Indigenous: In other words, we live among the people we are trying to reach. We don’t go somewhere to do mission, we live somewhere to be the mission, to live the story. It’s another way of saying relational.

Intentional: We live on purpose and with purpose. We are a sent people. We may not have been prayed over, set apart by the Holy Spirit to travel throughout Asia, but we are all a sent people.

The challenge we face is not to do mission but to live missionally.

To whom are we sent?

Of course we can say simply that we are sent into the world. Not to make it a better place but to live out the good news story so that others might see and choose to live it too.
But we’re also aware that God has placed and is placing opportunities, clear opportunities before us.

Perhaps the credit crunch will give us a little more time to get ready, but houses are being built, people are moving in and we cannot stand by and do nothing.

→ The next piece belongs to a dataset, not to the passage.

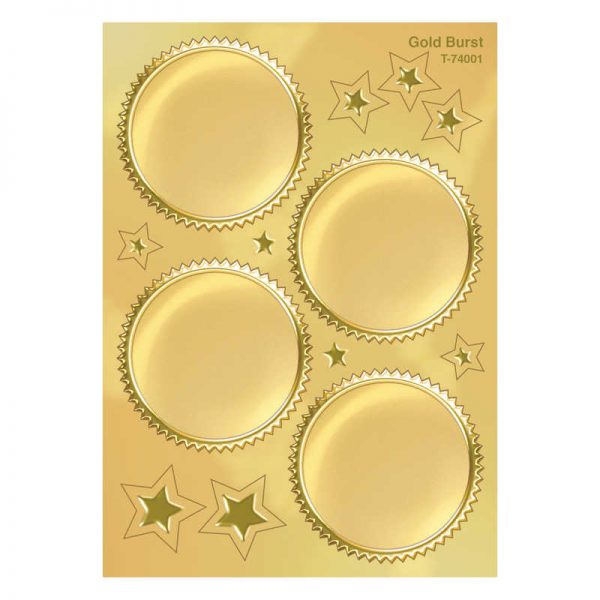 TREND Gold Burst Award Seals Stickers, 32 ct.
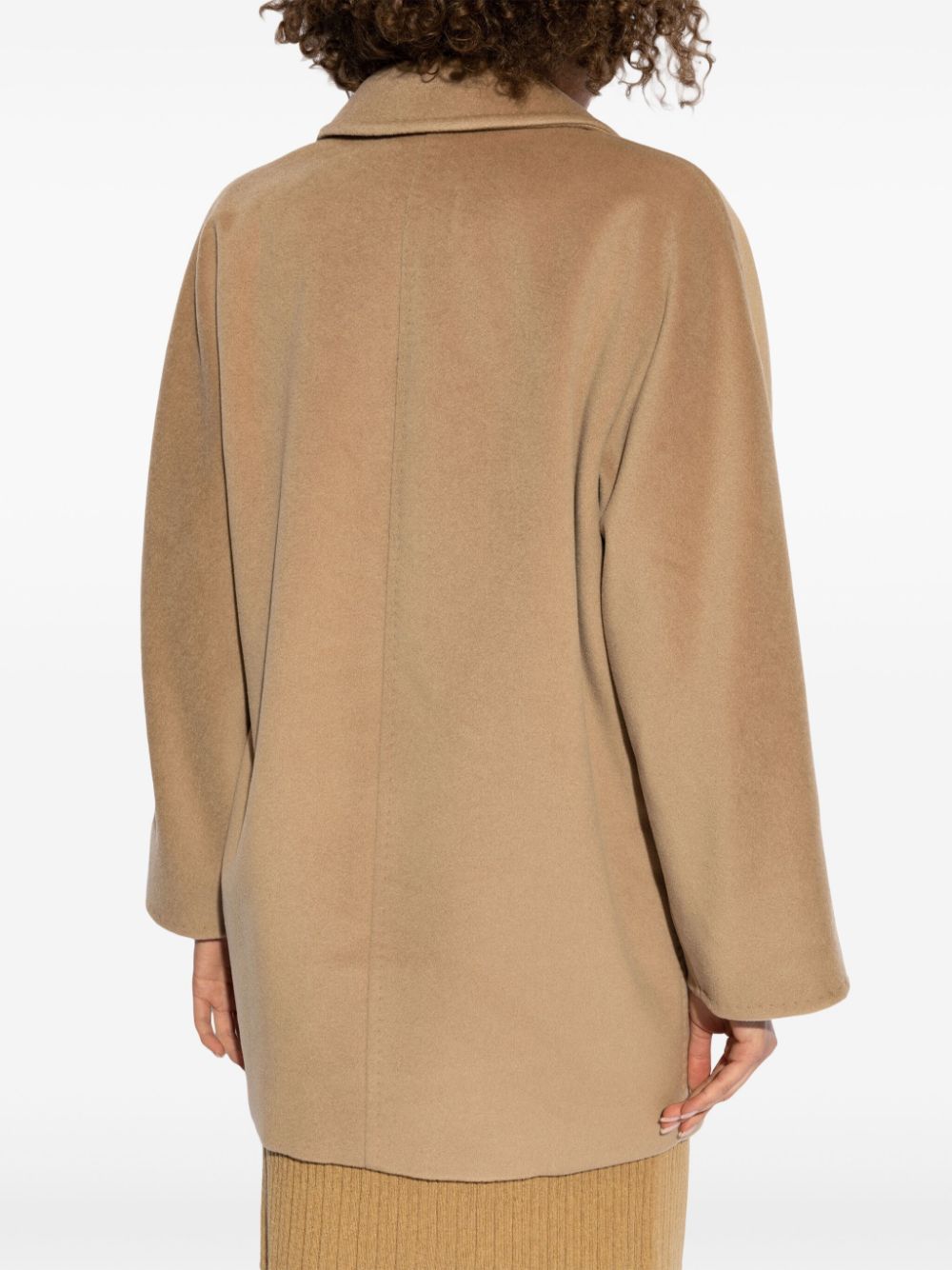 Max Mara Coats Camel Virgin Wool Cashmere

We see the communities in which we already live and know that we cannot wait for someone else to come along and engage for us, we have to answer God’s call to be the mission.
Whether your heart burns for Cotton End, for Shortstown, for Wilstead or for Wixams, there is an opportunity for all of us to share the journey together.

Conclusion

I believe God has called us to a missional life. I believe will all my heart that the church exists primarily to serve the purposes of the kingdom of God through engaging in mission. We are here for the benefit of those who are yet to believe.

And if we get it, then for the sake of the kingdom, let’s get on with it.